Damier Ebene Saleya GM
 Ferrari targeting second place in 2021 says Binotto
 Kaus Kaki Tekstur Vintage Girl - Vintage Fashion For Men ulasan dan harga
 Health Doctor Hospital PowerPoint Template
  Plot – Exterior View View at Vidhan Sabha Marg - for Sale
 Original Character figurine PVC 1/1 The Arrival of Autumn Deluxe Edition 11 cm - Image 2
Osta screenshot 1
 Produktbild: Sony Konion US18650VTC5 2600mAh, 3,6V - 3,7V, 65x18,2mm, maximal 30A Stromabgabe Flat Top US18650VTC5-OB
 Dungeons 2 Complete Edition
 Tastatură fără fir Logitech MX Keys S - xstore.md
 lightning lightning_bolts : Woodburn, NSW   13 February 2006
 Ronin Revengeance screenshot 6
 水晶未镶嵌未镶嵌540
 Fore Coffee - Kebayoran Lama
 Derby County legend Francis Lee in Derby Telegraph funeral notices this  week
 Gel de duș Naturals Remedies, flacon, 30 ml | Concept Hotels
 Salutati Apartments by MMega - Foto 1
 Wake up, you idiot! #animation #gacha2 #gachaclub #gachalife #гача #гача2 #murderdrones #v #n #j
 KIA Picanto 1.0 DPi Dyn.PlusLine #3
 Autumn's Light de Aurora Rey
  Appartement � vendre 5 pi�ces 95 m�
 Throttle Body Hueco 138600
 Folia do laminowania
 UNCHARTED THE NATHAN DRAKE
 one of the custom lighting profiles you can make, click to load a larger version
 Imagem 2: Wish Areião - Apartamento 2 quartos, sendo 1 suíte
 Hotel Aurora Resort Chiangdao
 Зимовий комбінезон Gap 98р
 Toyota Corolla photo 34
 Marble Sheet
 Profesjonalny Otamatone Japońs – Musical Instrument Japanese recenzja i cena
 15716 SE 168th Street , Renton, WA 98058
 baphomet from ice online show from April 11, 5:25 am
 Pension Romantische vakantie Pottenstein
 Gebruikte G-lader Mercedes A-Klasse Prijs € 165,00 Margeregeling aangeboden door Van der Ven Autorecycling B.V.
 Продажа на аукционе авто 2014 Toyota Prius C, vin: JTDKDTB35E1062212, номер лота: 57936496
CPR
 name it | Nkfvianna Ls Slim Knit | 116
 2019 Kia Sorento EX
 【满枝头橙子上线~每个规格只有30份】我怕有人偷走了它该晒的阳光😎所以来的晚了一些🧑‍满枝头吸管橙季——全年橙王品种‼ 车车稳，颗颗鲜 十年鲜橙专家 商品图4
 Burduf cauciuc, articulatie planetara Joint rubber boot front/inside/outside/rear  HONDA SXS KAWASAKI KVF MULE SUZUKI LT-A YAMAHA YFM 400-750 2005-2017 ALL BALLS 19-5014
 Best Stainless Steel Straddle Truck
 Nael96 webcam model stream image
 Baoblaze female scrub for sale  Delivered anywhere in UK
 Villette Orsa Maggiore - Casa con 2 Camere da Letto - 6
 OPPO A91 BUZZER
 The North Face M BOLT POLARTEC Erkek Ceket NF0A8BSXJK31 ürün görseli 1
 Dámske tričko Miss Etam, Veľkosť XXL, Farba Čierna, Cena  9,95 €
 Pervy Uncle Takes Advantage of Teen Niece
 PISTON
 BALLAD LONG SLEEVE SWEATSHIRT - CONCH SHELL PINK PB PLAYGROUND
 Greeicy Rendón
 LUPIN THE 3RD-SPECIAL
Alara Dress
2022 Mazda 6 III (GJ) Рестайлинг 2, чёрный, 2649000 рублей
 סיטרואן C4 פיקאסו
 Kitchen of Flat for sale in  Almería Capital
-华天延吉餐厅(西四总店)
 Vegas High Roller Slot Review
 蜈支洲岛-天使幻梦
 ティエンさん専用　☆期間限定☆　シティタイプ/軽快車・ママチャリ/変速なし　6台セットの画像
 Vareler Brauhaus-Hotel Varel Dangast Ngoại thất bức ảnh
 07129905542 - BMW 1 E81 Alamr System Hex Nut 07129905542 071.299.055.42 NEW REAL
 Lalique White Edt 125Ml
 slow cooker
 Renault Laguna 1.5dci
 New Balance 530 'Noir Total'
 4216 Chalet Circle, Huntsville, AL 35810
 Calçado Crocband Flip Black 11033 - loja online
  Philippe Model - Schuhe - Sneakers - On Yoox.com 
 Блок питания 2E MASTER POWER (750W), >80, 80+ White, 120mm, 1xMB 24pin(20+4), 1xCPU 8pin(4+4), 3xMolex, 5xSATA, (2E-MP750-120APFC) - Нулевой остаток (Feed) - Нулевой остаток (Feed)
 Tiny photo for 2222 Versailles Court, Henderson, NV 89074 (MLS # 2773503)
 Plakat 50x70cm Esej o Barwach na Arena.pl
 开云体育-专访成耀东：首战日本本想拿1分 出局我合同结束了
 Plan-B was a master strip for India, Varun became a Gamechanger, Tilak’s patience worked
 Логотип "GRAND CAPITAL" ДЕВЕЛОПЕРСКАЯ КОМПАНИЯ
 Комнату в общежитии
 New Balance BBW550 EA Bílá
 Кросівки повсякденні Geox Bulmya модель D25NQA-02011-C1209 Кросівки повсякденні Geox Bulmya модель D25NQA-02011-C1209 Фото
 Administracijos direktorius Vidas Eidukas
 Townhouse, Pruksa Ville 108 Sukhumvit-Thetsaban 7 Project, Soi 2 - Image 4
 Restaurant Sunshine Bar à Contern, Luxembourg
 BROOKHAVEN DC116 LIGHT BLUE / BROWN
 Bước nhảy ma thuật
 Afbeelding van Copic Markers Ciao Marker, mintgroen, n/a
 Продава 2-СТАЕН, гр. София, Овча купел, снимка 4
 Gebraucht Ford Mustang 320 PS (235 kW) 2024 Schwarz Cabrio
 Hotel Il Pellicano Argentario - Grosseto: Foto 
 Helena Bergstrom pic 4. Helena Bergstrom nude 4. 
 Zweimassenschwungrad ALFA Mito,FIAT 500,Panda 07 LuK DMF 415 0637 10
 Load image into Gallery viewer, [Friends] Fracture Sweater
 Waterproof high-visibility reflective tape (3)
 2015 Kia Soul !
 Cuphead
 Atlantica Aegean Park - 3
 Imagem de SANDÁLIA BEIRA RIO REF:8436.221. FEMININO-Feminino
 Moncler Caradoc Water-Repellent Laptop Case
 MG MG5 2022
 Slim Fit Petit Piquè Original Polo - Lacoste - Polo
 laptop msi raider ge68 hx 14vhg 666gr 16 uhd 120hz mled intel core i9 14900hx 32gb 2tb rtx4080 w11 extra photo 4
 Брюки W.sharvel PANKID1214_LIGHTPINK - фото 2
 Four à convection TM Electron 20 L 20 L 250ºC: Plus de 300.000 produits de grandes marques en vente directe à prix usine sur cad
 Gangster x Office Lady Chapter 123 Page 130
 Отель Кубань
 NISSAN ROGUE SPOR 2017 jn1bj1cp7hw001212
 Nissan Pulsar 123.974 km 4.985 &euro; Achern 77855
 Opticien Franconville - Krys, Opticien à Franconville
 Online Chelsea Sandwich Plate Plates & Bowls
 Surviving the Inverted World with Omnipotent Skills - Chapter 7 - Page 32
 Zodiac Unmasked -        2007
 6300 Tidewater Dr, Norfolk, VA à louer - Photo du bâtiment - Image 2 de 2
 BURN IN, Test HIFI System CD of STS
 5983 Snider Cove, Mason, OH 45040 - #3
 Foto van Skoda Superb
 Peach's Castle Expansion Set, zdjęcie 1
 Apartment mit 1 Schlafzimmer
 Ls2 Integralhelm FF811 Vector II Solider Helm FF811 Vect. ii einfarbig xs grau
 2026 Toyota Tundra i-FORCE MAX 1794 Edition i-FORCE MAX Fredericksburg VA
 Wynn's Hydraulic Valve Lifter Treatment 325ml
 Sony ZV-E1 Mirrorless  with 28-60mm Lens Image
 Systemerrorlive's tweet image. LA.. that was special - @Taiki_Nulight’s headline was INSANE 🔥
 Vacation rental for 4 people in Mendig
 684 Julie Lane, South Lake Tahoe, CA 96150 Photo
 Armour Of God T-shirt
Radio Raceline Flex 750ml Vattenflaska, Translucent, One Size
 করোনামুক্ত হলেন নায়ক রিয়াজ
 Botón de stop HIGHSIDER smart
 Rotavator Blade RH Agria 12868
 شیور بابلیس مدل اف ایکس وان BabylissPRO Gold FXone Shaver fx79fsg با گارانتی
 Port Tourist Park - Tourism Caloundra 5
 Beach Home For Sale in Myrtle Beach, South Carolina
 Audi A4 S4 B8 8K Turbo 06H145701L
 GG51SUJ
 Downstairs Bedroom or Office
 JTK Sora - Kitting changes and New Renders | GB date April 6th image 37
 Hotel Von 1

···

What this task involves: Quote the line that contains "Apartment mit 1 Schlafzimmer" and each line after it through the end of the data, exactly, leaving out everything else.

Response to this task:
 Apartment mit 1 Schlafzimmer
 Ls2 Integralhelm FF811 Vector II Solider Helm FF811 Vect. ii einfarbig xs grau
 2026 Toyota Tundra i-FORCE MAX 1794 Edition i-FORCE MAX Fredericksburg VA
 Wynn's Hydraulic Valve Lifter Treatment 325ml
 Sony ZV-E1 Mirrorless  with 28-60mm Lens Image
 Systemerrorlive's tweet image. LA.. that was special - @Taiki_Nulight’s headline was INSANE 🔥
 Vacation rental for 4 people in Mendig
 684 Julie Lane, South Lake Tahoe, CA 96150 Photo
 Armour Of God T-shirt
Radio Raceline Flex 750ml Vattenflaska, Translucent, One Size
 করোনামুক্ত হলেন নায়ক রিয়াজ
 Botón de stop HIGHSIDER smart
 Rotavator Blade RH Agria 12868
 شیور بابلیس مدل اف ایکس وان BabylissPRO Gold FXone Shaver fx79fsg با گارانتی
 Port Tourist Park - Tourism Caloundra 5
 Beach Home For Sale in Myrtle Beach, South Carolina
 Audi A4 S4 B8 8K Turbo 06H145701L
 GG51SUJ
 Downstairs Bedroom or Office
 JTK Sora - Kitting changes and New Renders | GB date April 6th image 37
 Hotel Von 1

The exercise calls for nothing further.